What is needed:
Please set down only the lines running from the one with "Torpaq sahələrinin satışı: 15" through the last line of the entries, exactly as written and without any pictures.

Extracted entries:
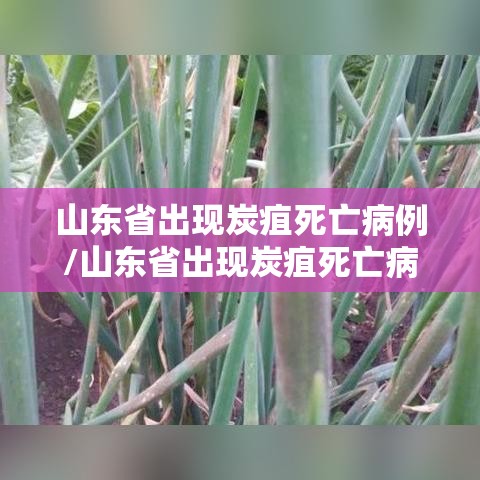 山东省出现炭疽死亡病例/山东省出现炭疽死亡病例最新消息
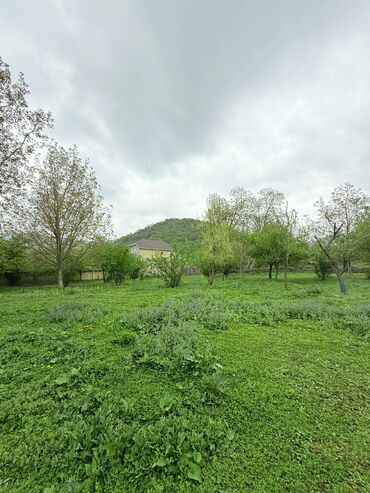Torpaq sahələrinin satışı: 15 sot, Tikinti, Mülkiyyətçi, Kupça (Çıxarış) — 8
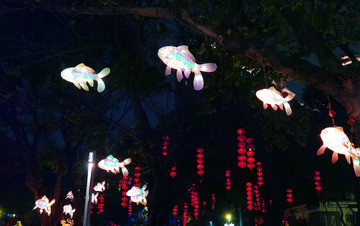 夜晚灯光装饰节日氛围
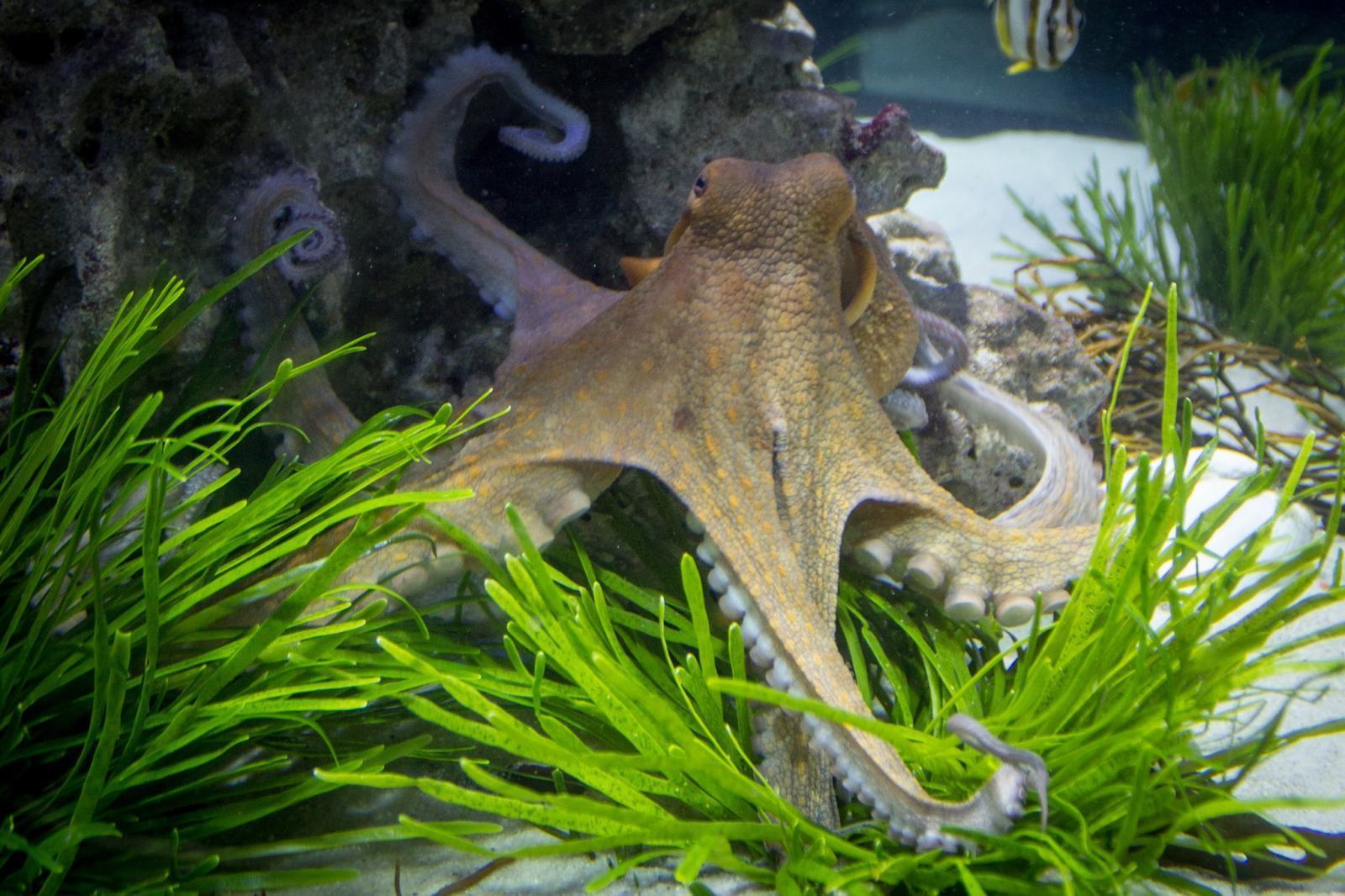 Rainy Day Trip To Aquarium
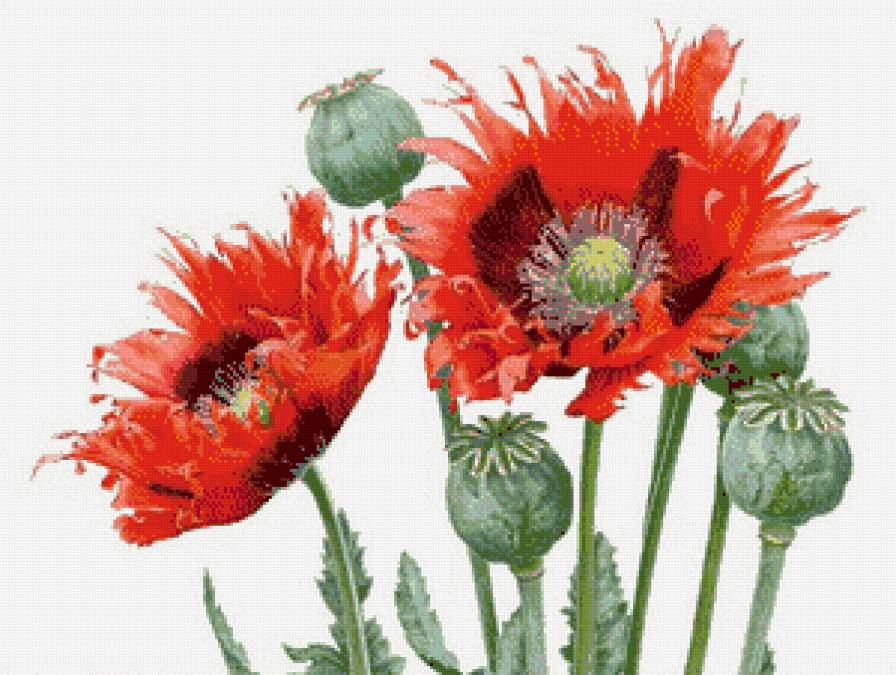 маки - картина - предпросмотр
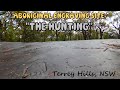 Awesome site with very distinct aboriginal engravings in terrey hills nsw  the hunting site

Final answer:
Torpaq sahələrinin satışı: 15 sot, Tikinti, Mülkiyyətçi, Kupça (Çıxarış) — 8
 夜晚灯光装饰节日氛围
 Rainy Day Trip To Aquarium
 маки - картина - предпросмотр
 Awesome site with very distinct aboriginal engravings in terrey hills nsw  the hunting site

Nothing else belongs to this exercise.